This is interesting. Hopefully there are indeed changes happening within EA, not only concerning voting patterns but also real epistemic and epistemological changes. Miller's comment, for example, seems to me like an excellent example of an intellectual over-confidence which has been all too common in EA circles - that reasoning from first principles can lead to better conclusions than painstakingly following empirical evidence or established best-practices in relevant knowledge communities. We can for example be very certain by now that climate change is not only "moderately severe", but an extremely severe challenge. The claim that it is "politically intractable" is not, AFAIK, based on empirical evidence - there are clear differences between countries and polities concerning climate policies and their effectiveness. The claim that it is "far from neglected" is also not in line with survey evidence and qualitative research on societal elites, which shows that it's quite often far down on the priority list for many people. There are therefore good reasons to believe that the position which is here referred to as a truism within EA circles is mistaken. 

And Bezos is no idiot. Ok, he's doing lots of bad things in his business practice. But he is no idiot, and we can have fairly high confidence that he has discussed his future funding with very smart people. Still, some EA people still assume that they just know better, and are in a position to provide advice to Bezos on what to do. This is even more questionable after the complete disaster of FTX, where very important EA leaders displayed spectacular failures of judgment.

So the assumption that EAs are now in a position to weigh in on optimal allocation of funding for Bezos, away from climate change, strikes me as odd and not intellectually justified. 

So my hope is that new voting patterns in this case indeed reflect an intellectual reorientation among some EAs, hopefully in the direction of more intellectual humility.

Thanks for the helpful answer; this gives me some insight into the vote in this case!

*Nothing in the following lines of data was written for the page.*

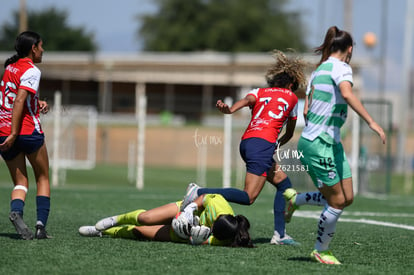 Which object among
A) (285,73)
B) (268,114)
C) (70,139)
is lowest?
(70,139)

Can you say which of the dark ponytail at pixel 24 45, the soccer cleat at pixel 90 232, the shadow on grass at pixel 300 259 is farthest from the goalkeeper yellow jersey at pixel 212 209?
the dark ponytail at pixel 24 45

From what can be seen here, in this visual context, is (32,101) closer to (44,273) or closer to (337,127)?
(44,273)

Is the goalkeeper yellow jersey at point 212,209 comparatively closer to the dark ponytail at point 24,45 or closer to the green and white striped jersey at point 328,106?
the green and white striped jersey at point 328,106

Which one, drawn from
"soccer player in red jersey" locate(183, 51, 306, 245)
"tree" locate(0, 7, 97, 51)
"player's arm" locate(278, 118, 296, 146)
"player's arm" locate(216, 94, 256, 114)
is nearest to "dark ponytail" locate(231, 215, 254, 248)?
"soccer player in red jersey" locate(183, 51, 306, 245)

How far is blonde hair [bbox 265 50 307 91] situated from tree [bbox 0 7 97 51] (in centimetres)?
4868

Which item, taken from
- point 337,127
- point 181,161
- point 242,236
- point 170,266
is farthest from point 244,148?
point 181,161

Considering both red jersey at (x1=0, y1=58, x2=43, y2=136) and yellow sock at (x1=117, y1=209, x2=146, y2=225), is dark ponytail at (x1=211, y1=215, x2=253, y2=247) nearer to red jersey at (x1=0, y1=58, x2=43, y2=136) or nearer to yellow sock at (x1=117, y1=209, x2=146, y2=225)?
yellow sock at (x1=117, y1=209, x2=146, y2=225)

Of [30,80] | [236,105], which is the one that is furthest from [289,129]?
[30,80]

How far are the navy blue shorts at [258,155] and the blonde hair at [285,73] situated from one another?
0.76m

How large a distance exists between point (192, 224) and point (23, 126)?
6.69ft

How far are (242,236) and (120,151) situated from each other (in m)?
34.5

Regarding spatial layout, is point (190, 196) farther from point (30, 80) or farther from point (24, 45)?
point (24, 45)

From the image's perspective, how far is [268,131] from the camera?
8164mm

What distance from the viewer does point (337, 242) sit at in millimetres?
8648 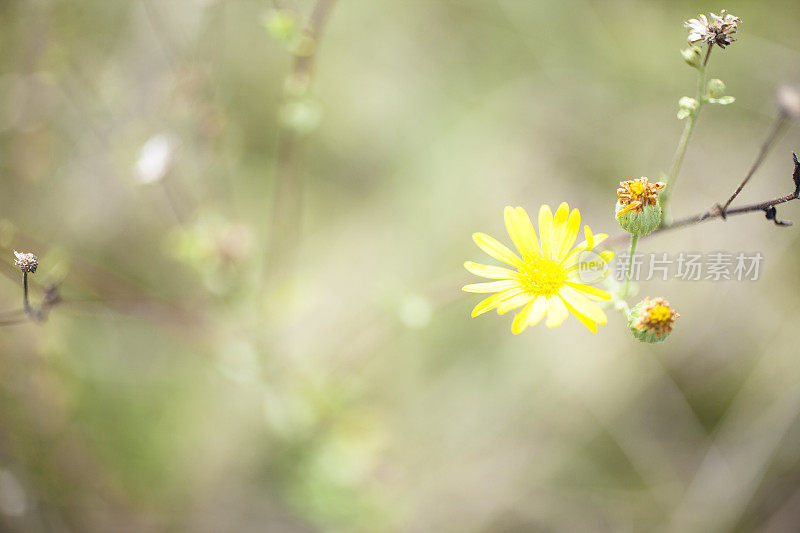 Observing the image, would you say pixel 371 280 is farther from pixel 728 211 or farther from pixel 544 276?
pixel 728 211

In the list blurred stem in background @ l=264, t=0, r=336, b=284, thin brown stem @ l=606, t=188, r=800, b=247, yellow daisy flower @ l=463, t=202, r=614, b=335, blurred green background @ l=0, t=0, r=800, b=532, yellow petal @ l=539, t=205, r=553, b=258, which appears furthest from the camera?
blurred stem in background @ l=264, t=0, r=336, b=284

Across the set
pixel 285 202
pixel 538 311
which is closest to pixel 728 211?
pixel 538 311

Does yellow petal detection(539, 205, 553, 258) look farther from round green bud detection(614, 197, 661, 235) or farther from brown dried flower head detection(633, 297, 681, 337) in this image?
brown dried flower head detection(633, 297, 681, 337)

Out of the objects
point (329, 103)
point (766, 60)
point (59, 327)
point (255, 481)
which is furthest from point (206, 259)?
point (766, 60)

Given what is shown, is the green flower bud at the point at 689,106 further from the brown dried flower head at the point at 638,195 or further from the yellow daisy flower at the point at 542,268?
the yellow daisy flower at the point at 542,268

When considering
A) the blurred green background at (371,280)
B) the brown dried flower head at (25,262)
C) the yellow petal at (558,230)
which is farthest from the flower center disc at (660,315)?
the brown dried flower head at (25,262)

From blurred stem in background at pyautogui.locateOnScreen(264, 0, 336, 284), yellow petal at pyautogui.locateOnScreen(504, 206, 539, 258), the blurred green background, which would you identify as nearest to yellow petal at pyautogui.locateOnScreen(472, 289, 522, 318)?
yellow petal at pyautogui.locateOnScreen(504, 206, 539, 258) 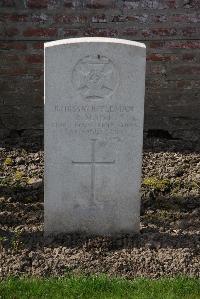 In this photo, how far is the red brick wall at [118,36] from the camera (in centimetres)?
638

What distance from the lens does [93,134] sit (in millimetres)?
4441

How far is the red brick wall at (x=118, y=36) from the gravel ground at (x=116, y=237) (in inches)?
32.9

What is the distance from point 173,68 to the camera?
659 cm

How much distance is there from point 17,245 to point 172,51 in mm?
2999

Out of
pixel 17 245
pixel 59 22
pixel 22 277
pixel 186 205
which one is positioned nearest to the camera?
pixel 22 277

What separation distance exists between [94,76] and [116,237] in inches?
47.8

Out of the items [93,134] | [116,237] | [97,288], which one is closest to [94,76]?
[93,134]

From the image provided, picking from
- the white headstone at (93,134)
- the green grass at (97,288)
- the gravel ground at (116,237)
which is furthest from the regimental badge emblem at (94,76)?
the green grass at (97,288)

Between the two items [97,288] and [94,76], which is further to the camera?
[94,76]

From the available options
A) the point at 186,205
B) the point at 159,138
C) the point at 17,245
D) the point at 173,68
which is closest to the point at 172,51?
the point at 173,68

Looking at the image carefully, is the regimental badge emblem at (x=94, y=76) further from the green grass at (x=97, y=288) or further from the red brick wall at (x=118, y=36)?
the red brick wall at (x=118, y=36)

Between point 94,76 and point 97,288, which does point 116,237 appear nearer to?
point 97,288

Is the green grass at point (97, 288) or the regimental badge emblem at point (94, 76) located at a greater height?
the regimental badge emblem at point (94, 76)

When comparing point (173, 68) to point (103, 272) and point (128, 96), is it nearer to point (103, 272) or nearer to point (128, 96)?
point (128, 96) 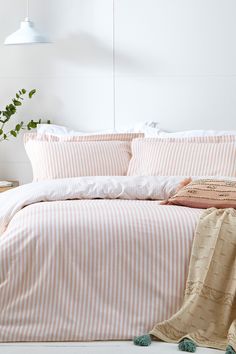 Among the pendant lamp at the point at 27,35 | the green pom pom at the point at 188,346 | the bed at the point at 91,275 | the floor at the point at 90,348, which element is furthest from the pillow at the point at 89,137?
the green pom pom at the point at 188,346

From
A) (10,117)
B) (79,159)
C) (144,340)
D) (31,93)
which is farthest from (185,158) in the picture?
(144,340)

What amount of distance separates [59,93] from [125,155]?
2.97 ft

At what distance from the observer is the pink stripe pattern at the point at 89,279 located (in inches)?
125

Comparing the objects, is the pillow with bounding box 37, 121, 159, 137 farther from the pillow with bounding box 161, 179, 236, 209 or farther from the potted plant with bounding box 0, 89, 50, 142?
the pillow with bounding box 161, 179, 236, 209

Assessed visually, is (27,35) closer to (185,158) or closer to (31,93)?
(31,93)

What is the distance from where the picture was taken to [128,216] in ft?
10.8

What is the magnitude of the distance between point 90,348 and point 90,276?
284mm

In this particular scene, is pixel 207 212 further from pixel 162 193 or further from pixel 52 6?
pixel 52 6

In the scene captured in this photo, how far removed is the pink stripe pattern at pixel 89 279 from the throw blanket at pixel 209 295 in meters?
0.06

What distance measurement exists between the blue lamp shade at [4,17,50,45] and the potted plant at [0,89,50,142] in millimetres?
362

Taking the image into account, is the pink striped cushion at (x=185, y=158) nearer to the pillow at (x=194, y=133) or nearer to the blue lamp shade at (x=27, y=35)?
the pillow at (x=194, y=133)

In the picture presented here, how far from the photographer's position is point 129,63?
18.1 ft

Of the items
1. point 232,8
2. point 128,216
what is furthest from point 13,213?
point 232,8

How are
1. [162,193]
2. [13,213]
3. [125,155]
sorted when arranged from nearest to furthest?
[13,213]
[162,193]
[125,155] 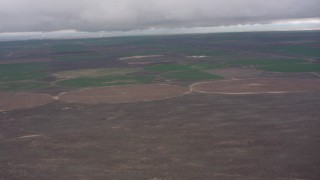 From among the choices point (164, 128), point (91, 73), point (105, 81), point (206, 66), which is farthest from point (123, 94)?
point (206, 66)

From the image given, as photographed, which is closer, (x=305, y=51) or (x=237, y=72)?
(x=237, y=72)

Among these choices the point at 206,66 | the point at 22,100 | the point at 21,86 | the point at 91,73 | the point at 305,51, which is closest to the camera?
the point at 22,100

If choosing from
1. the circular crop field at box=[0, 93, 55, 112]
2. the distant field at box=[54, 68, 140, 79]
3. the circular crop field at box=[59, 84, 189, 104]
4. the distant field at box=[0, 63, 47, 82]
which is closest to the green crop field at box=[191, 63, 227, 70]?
the distant field at box=[54, 68, 140, 79]

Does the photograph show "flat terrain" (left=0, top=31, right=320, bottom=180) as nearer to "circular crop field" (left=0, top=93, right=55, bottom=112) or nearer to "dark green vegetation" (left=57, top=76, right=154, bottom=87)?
"circular crop field" (left=0, top=93, right=55, bottom=112)

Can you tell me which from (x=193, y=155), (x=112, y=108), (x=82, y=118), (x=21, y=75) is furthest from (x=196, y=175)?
(x=21, y=75)

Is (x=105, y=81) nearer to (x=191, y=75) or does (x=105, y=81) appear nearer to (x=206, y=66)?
(x=191, y=75)

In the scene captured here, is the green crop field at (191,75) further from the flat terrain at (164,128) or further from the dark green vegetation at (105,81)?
the dark green vegetation at (105,81) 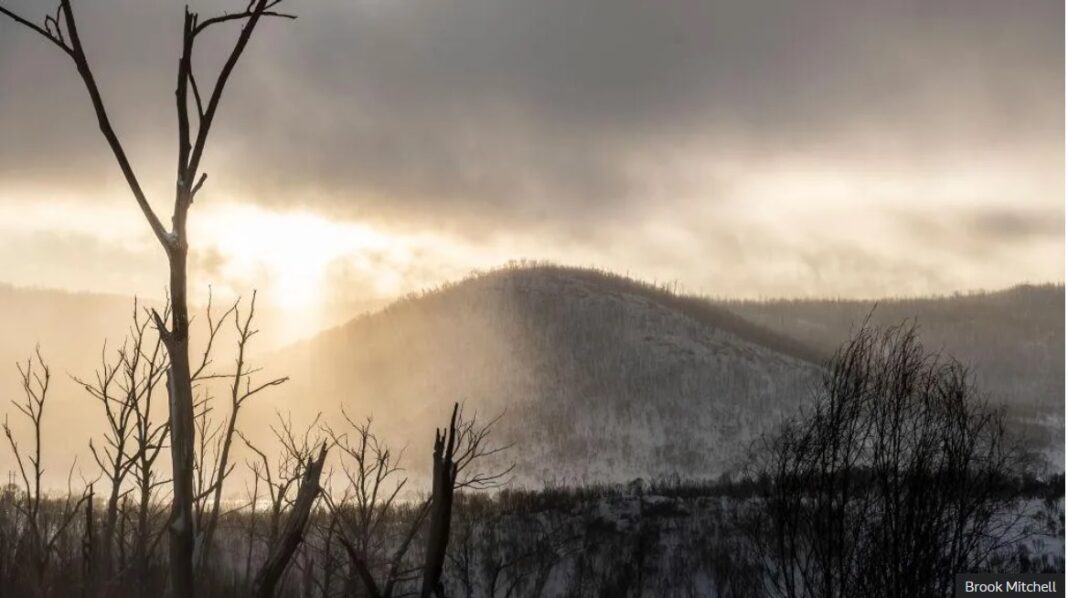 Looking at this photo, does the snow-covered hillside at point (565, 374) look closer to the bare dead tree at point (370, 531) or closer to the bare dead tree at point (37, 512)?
the bare dead tree at point (370, 531)

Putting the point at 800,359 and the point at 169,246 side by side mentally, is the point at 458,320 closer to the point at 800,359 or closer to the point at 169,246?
the point at 800,359

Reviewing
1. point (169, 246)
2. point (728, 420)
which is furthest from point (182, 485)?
point (728, 420)

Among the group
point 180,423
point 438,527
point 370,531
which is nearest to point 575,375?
point 370,531

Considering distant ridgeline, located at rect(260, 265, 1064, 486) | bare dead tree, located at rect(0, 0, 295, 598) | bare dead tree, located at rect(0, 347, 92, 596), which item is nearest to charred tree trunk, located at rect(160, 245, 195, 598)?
bare dead tree, located at rect(0, 0, 295, 598)

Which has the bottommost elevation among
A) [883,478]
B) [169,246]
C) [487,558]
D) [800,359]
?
[487,558]

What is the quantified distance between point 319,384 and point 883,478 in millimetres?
89546

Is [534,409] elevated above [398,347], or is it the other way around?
[398,347]

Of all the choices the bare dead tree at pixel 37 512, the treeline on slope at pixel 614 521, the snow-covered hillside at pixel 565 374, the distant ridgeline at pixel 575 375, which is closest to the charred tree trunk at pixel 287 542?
the treeline on slope at pixel 614 521

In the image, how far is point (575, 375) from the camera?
284ft

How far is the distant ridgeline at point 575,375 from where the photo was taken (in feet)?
251

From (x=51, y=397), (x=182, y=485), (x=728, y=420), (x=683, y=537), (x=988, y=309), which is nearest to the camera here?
(x=182, y=485)

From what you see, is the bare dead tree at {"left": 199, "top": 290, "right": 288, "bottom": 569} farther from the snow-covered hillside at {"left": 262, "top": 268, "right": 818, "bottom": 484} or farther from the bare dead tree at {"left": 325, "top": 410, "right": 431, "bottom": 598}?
the snow-covered hillside at {"left": 262, "top": 268, "right": 818, "bottom": 484}

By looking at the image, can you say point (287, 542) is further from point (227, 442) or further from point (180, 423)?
point (227, 442)

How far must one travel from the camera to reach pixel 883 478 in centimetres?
1321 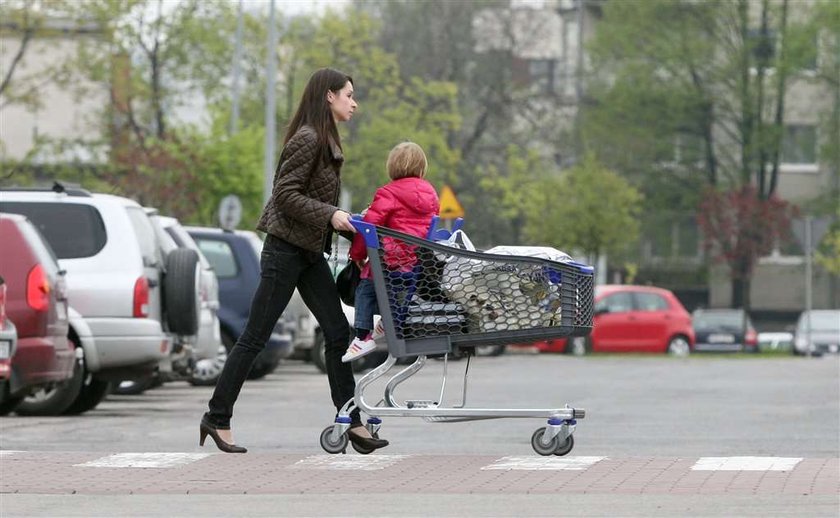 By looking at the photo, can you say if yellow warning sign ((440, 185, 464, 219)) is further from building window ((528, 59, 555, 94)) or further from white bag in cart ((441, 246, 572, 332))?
white bag in cart ((441, 246, 572, 332))

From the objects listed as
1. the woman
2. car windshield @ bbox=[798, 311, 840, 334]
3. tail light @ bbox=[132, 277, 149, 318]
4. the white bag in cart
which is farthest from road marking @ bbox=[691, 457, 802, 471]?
car windshield @ bbox=[798, 311, 840, 334]

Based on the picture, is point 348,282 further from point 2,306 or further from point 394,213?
point 2,306

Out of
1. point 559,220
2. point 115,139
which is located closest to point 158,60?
point 115,139

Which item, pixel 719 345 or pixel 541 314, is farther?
pixel 719 345

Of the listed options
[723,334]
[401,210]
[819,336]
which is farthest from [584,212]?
[401,210]

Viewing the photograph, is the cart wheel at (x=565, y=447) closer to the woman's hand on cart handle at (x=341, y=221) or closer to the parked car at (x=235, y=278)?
the woman's hand on cart handle at (x=341, y=221)

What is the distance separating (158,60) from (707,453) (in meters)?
36.5

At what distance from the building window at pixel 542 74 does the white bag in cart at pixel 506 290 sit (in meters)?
A: 55.2

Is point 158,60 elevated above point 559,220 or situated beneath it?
elevated above

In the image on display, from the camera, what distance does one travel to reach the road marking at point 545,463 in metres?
10.3

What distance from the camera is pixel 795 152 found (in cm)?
7175

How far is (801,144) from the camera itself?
7044 centimetres

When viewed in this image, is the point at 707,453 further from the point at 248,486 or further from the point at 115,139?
the point at 115,139

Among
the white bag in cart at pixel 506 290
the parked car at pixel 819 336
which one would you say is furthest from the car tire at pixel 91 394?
the parked car at pixel 819 336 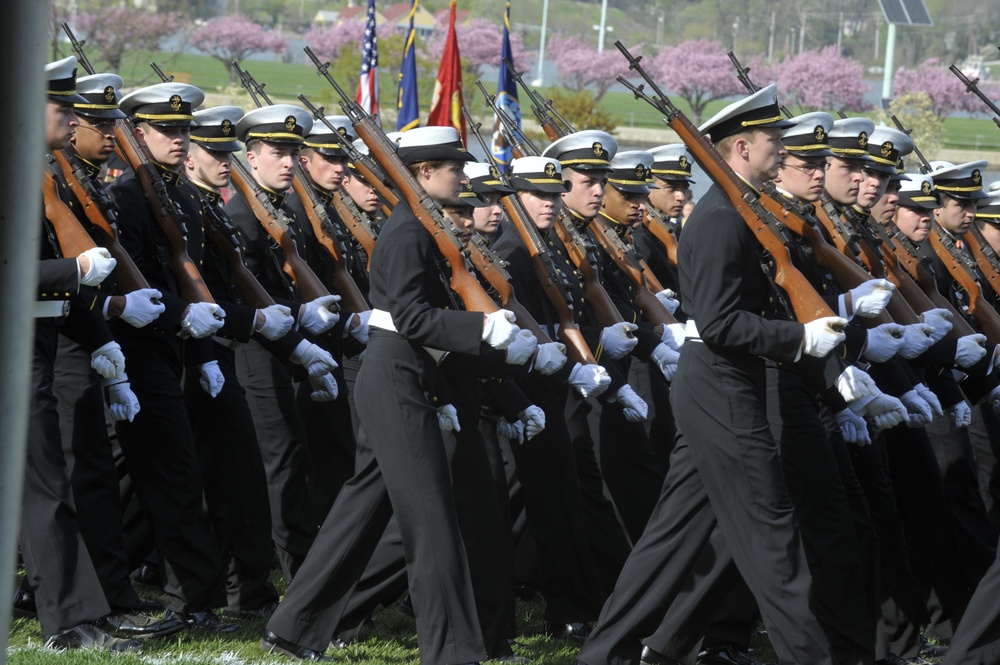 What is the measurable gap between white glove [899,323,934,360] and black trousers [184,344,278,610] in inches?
106

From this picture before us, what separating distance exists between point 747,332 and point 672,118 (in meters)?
1.11

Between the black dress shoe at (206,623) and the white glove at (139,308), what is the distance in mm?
1144

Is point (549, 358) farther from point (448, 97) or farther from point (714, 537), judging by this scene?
point (448, 97)

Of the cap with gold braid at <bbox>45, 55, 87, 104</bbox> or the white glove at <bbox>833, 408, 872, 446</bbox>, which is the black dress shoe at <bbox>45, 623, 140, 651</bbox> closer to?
the cap with gold braid at <bbox>45, 55, 87, 104</bbox>

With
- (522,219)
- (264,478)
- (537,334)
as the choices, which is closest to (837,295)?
(537,334)

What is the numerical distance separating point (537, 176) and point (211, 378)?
1.83 m

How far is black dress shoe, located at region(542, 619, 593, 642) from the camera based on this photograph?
609 centimetres

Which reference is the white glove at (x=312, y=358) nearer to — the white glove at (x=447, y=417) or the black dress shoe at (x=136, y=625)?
the white glove at (x=447, y=417)

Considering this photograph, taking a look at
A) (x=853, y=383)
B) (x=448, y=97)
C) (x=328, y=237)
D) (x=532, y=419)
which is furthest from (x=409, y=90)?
(x=853, y=383)

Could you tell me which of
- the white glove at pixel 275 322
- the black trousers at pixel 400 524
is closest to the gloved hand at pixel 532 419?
the black trousers at pixel 400 524

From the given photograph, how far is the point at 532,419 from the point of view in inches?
229

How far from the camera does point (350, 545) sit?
5.21 metres

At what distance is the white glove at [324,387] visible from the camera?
635cm

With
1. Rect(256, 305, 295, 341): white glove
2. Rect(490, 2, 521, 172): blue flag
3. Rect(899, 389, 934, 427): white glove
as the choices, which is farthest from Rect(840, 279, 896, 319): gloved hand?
Rect(490, 2, 521, 172): blue flag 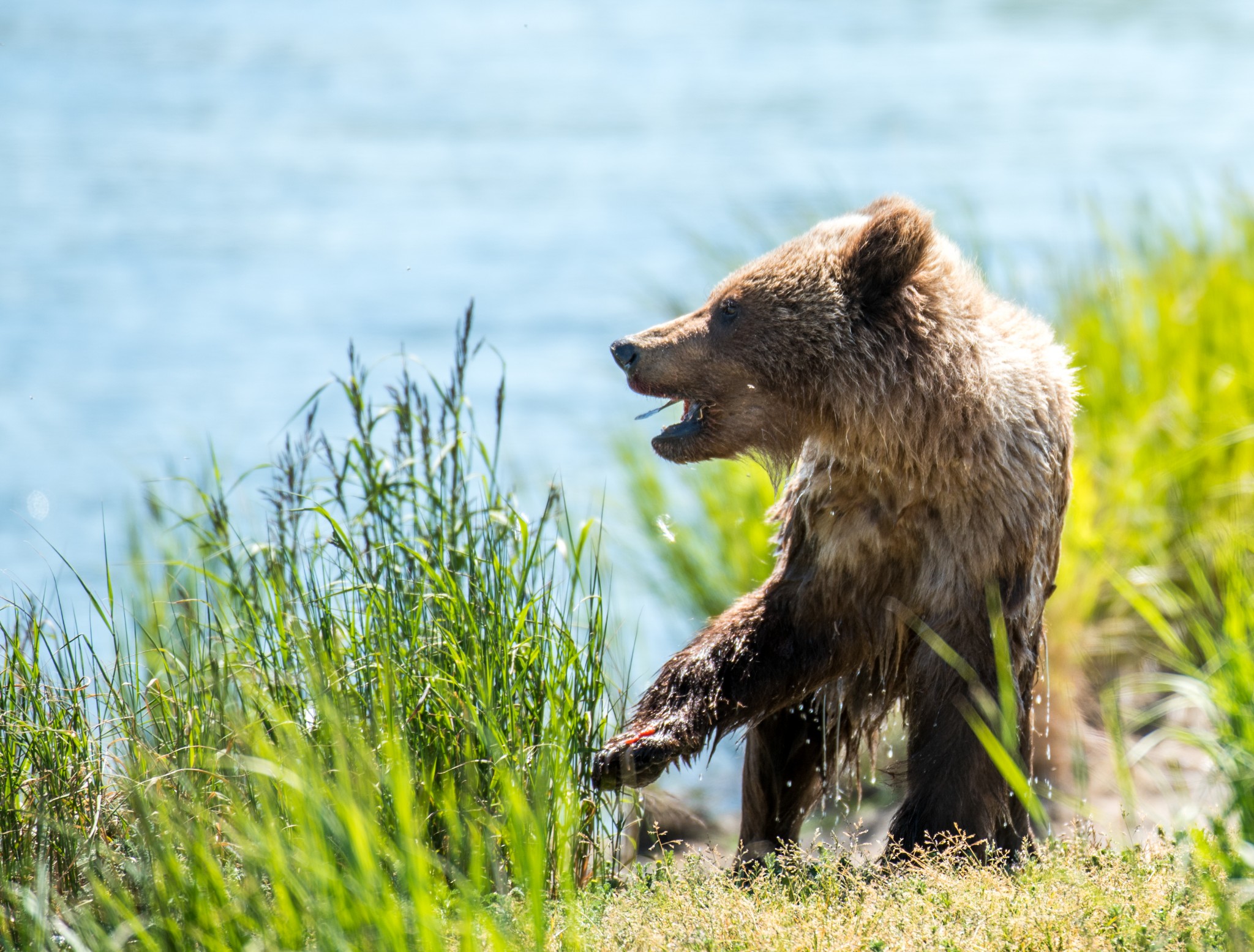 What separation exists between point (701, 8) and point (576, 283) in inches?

To share my thoughts on this point with you:

The claim that it is "far from neglected" is also not in line with survey evidence and qualitative research on societal elites, which shows that it's quite often far down on the priority list for many people.

If you compare global annual spending on climate change to global annual spending on things like risks from AI, nuclear risk, or farmed animal welfare, it definitely seems to me like climate change is relatively extremely cro... (read more)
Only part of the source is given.